> [Exercise]: From the top of the entries, reproduce each line exactly, stopping after the line that contains "Lit coffre 140x200". Omit pictures.

[Excerpts from a dataset]
========================================
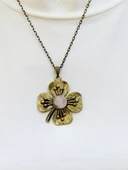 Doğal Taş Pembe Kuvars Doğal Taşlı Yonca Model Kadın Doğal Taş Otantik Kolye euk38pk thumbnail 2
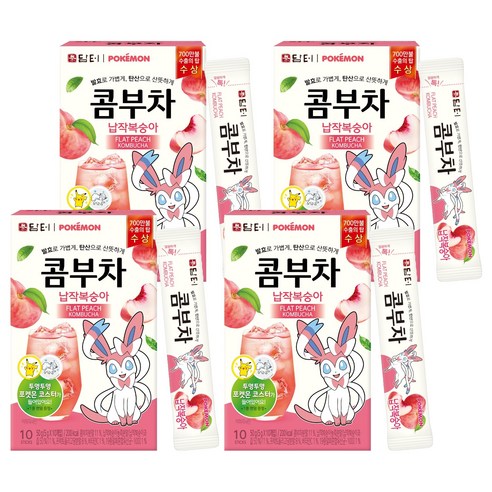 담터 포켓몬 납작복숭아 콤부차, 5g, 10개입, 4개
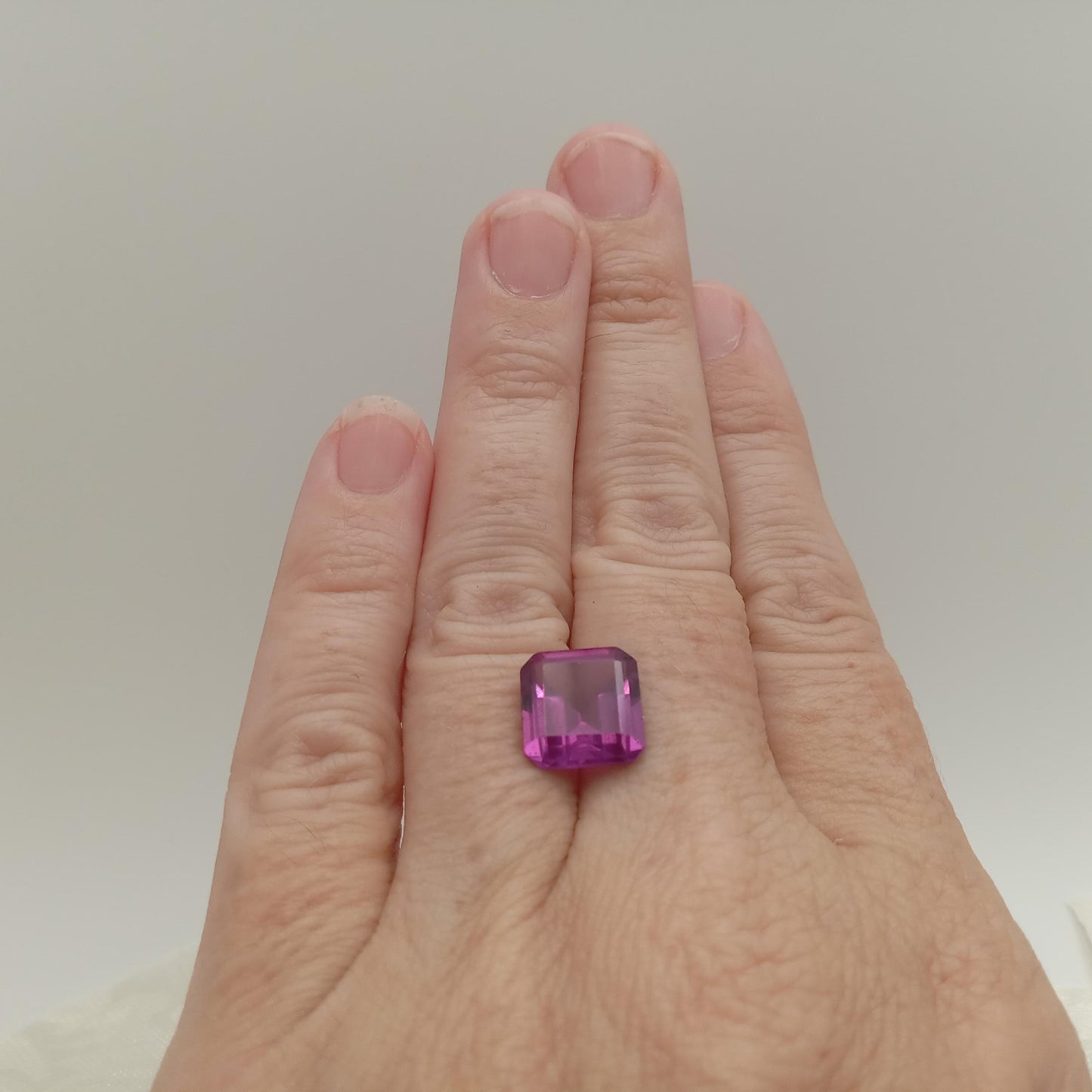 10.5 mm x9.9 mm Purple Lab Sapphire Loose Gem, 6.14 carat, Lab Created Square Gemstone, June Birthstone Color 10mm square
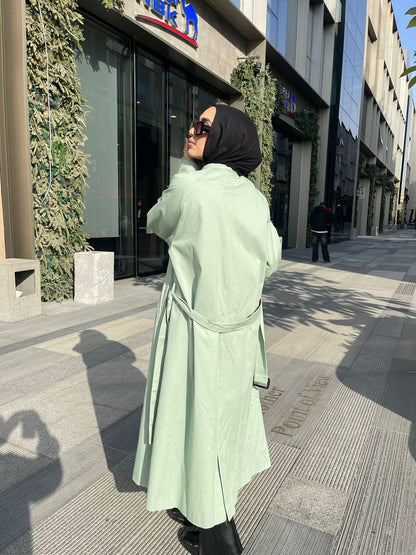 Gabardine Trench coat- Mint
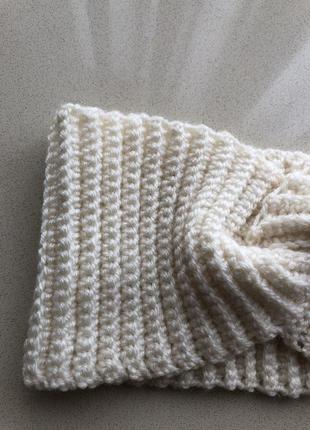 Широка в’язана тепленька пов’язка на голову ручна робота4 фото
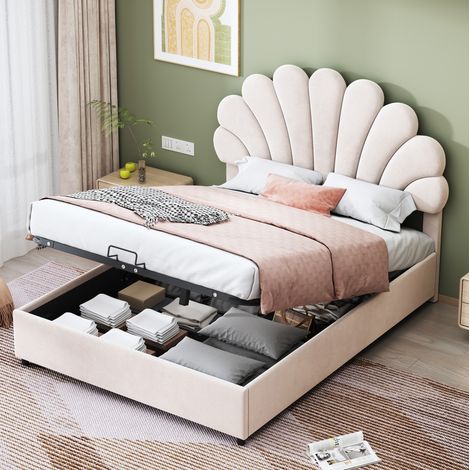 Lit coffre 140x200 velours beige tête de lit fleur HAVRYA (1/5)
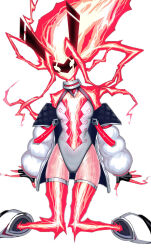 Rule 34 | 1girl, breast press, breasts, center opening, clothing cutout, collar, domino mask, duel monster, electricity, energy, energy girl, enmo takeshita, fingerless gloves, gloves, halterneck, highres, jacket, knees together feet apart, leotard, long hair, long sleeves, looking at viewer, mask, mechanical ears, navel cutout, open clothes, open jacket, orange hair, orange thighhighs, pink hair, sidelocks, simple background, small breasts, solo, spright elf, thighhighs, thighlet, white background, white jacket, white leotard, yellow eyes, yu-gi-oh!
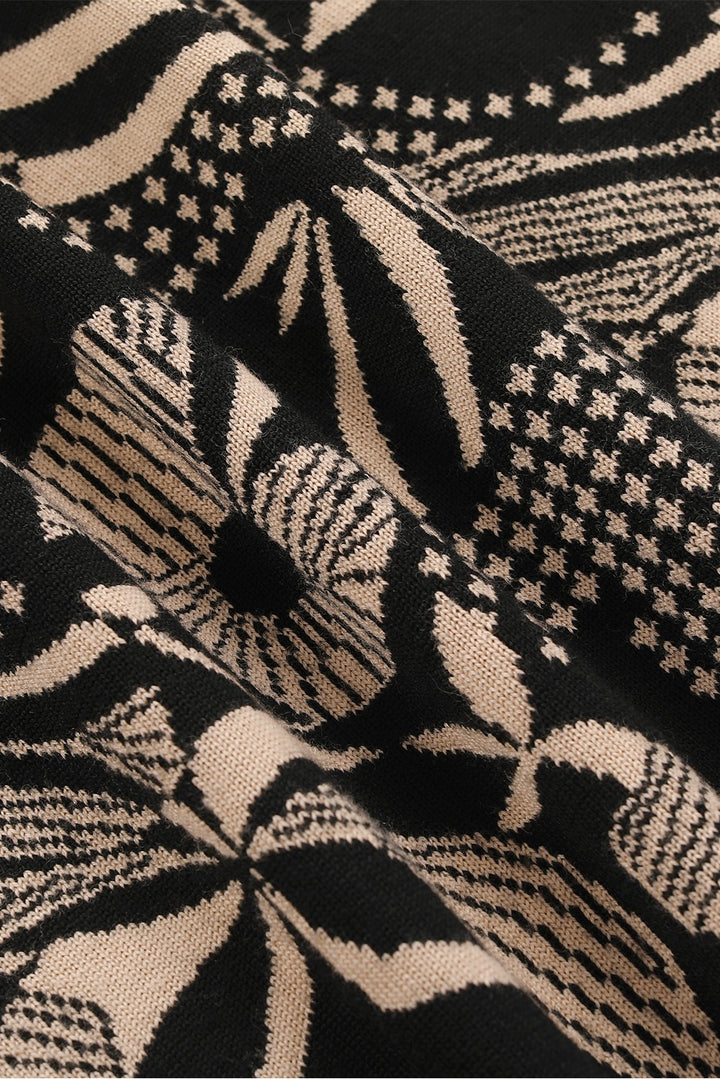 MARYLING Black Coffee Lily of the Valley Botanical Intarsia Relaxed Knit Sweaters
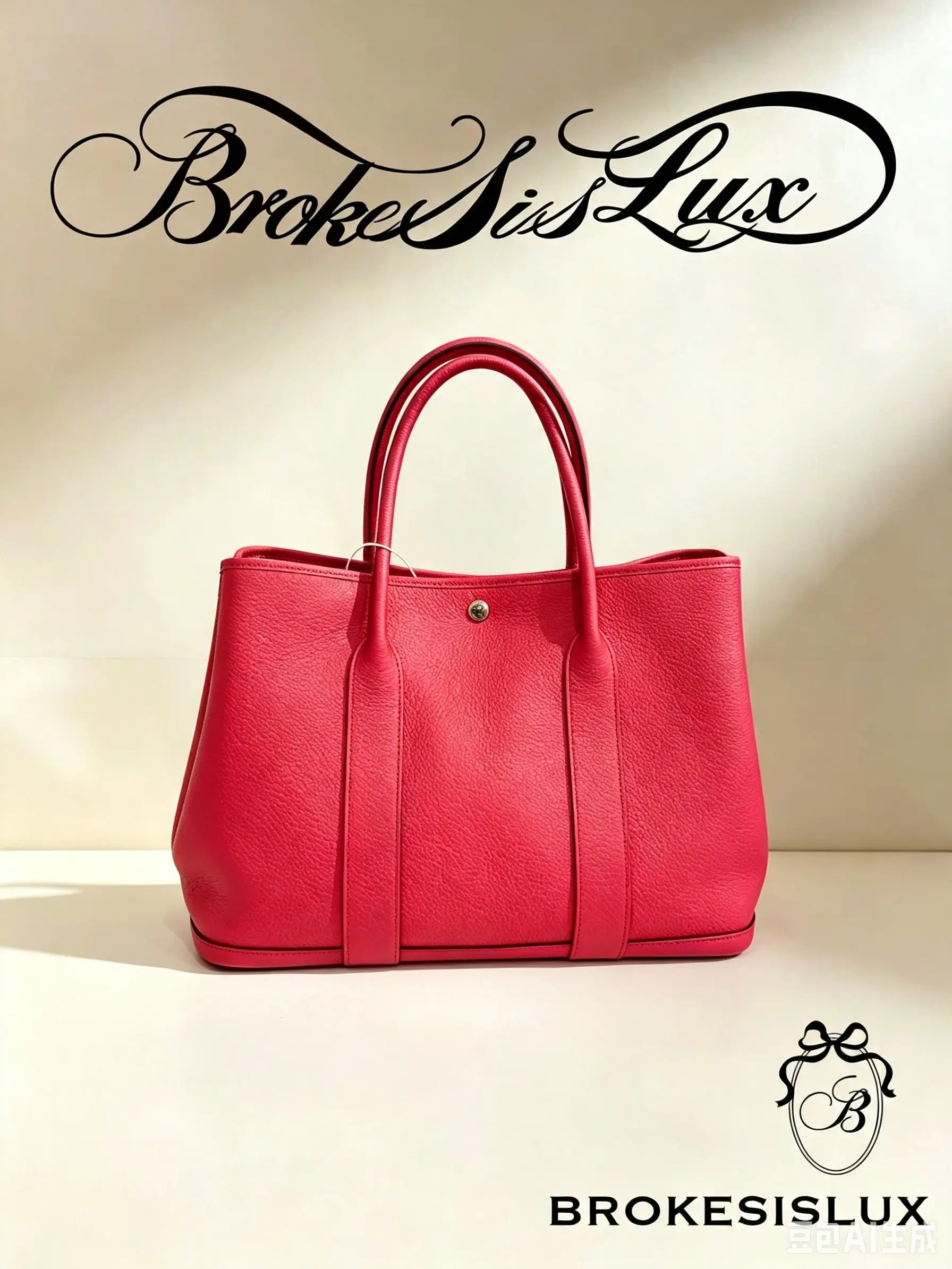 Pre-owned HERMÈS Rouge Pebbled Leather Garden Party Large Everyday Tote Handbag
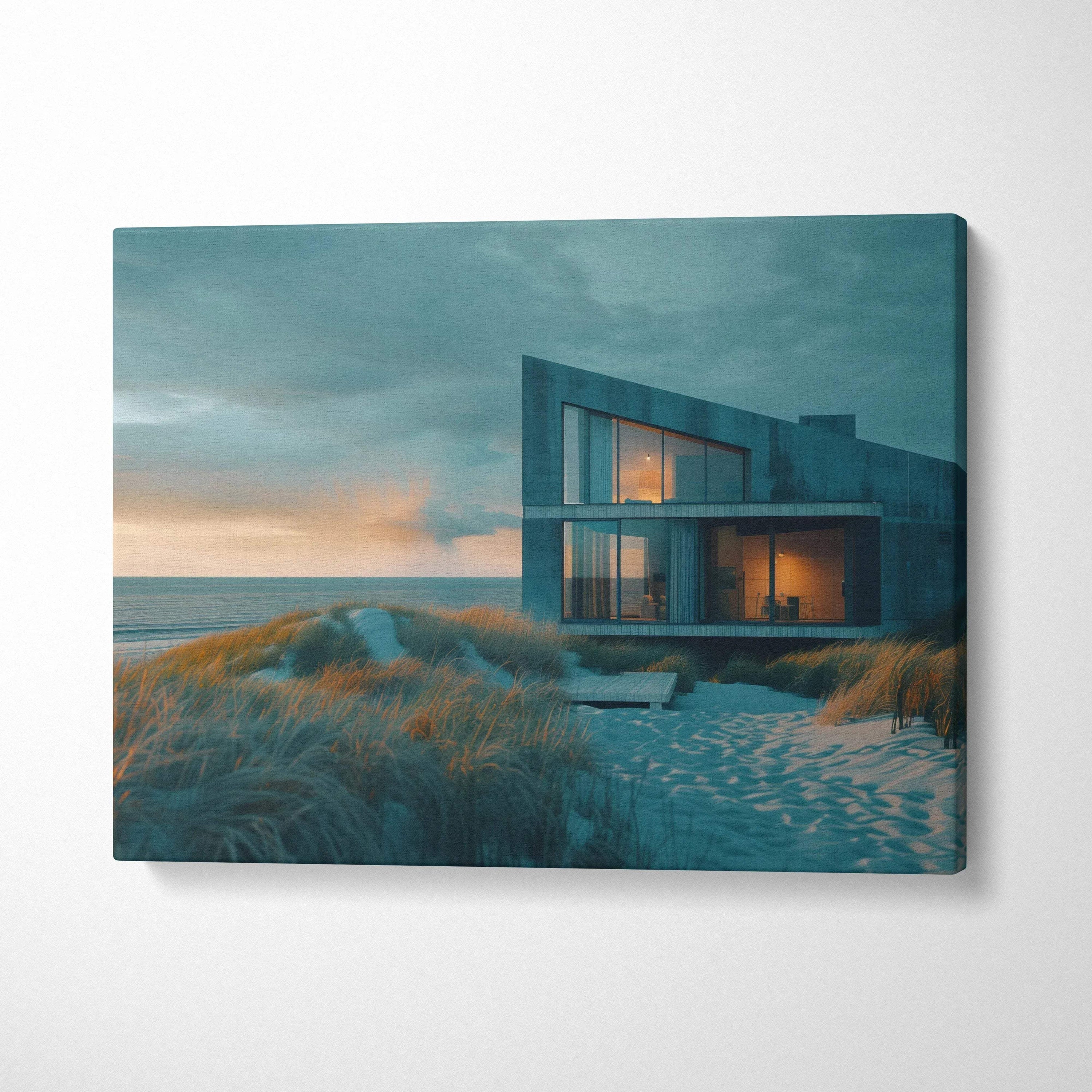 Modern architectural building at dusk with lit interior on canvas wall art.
========================================
> [Solution to this task]:
 Doğal Taş Pembe Kuvars Doğal Taşlı Yonca Model Kadın Doğal Taş Otantik Kolye euk38pk thumbnail 2
 담터 포켓몬 납작복숭아 콤부차, 5g, 10개입, 4개
 10.5 mm x9.9 mm Purple Lab Sapphire Loose Gem, 6.14 carat, Lab Created Square Gemstone, June Birthstone Color 10mm square
 Gabardine Trench coat- Mint
 Широка в’язана тепленька пов’язка на голову ручна робота4 фото
 Lit coffre 140x200 velours beige tête de lit fleur HAVRYA (1/5)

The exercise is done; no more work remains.